Wilde has credentials as a fashion hack. Not only did he create literature’s greatest handbag, he also edited a fashion-heavy magazine entitled The Woman’s World, in which he delivered his famous aperçu. The gig clearly wearied him.
Oh Oscar! You don’t know how easy you had it. These days, serious fashion editors must attend scores of fashion shows each year. By the time we arrive for the season’s last leg in Paris, after three weeks in other cities, the ugliest and most intolerable cruelty of all awaits us. This, despite Wilde’s airy hauteur, has nothing to do with clothes: it’s the chairs.

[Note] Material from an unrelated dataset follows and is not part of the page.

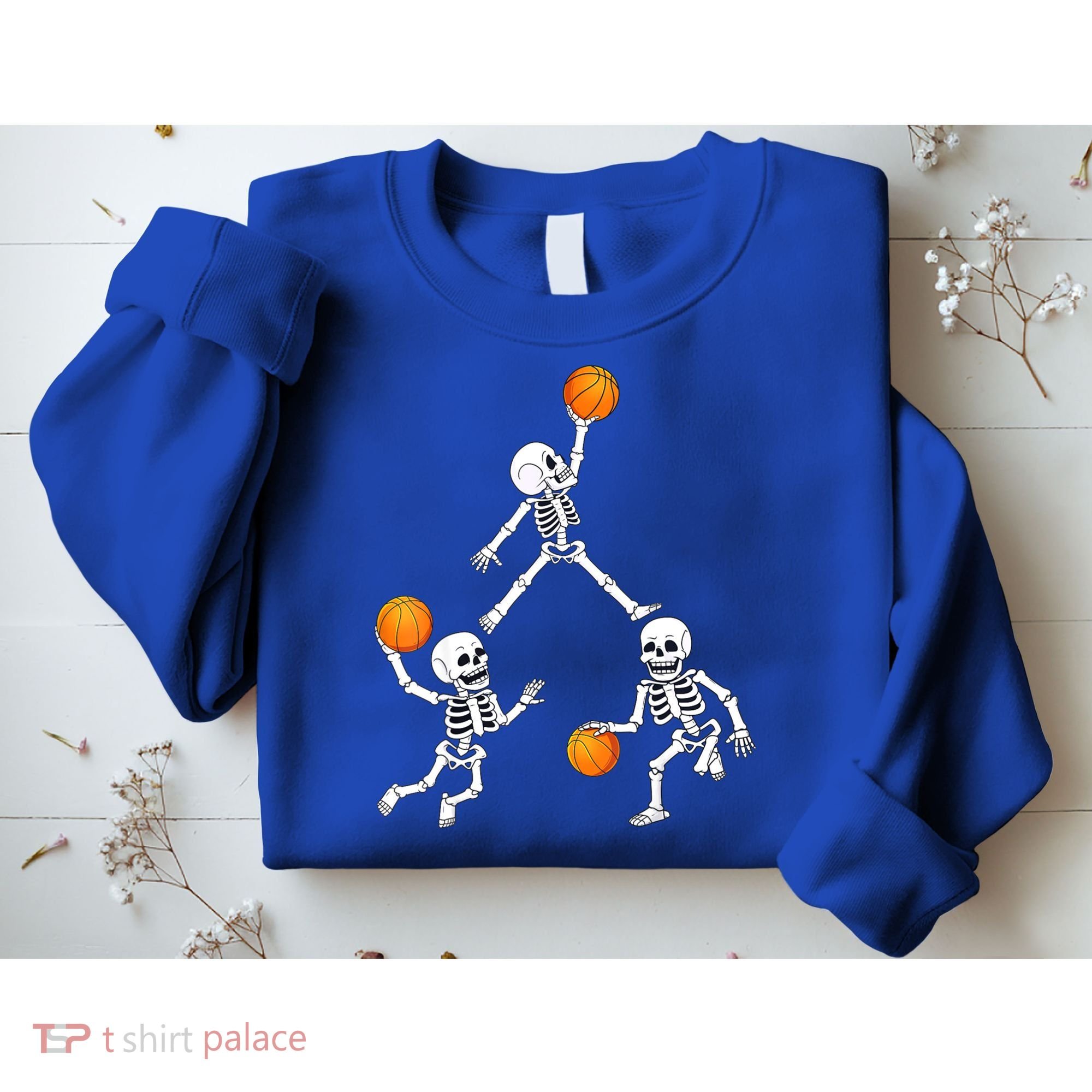 Basketball Halloween Skeleton Dunking Dribble Boys Teen Sweatshirt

Lanvin, Hermès, Dries van Noten, Lemaire. These are just a few of the luxury fashion houses that have continued an ancient Parisian fashion tradition: obliging guests to watch their shows while seated on a piece of furniture whose design is exquisitely uncomfortable. This antique folding chair has a seat made of five stapled slats of splintery wood and is apparently available in unlimited supply. Rows of them are lashed together with zip-ties to ensure you are intimately acquainted with your neighbours: each chair is a little over 40cm wide. The angle of the chair’s back is even worse: with a pitch of around 125°, you can recline only if you’re prepared to stare at the roof.
This may sound like a first-world problem. But we spend hours in these chairs, squished on top of each other and awkwardly contorted. Collections designed to spark transports of delight are difficult to appreciate when your sciatic nerves are twanging like guitar strings.
So why are the most exclusive shows kitted out with chairs that torture their eminent spectators? My enquiries initially produced no answers – only impassioned expressions of fellow-feeling. “They are the worst – and they have been around for ever,” said Virginie Mouzat of Vanity Fair France. Sophia Neophitou of 10 Magazine has developed a complex coping strategy. “Splaying is out of the question – so forget manspreading. I often side saddle on them. Or we do that thing where one person sits forward and the person alongside leans back. But you can’t really lean back because it looks like you are being indifferent.”
Then I got a lead: the chairs, an old lag said, first appeared over 20 years ago at the shows of Ann Demeulemeester. Her Parisian press agent, now as then, is an evergreen fashion fixture named Michèle Montagne. My tipster suggested she was the guilty party. So as she loitered on the steps of the Palais de Chaillot before Demeulemeester’s show, I hit her with my “J’accuse.” Was she responsible for our torture?
“Yes,” she replied blithely. They are “antique chairs from a circus – they lean back so far so you can look up at the trapeze artists.” Over the years, she added, several had collapsed when sat upon too forcefully. But, she added, “while they might not be comfortable, they are so poetic.”
As I waited for the show to begin in one of Montagne’s chairs, my sciatic nerve fired up afresh. A rumba of lumbar pain rippled through my torso. After what seemed like an eternity, the clothes came out: stiffened linen shrouds and the odd crushed velvet dress. They were very beautiful, and not a little Wildean in inspiration. And Wilde himself might have savoured the paradox of the chairs. Behind the ecstasy of the catwalk lies so much agony – the tantrums, the tears, the unrealised designs and asphyxiating bodices. So maybe it’s appropriate that we, who derive so much pleasure from fashion, should feel some of the pain that goes into it.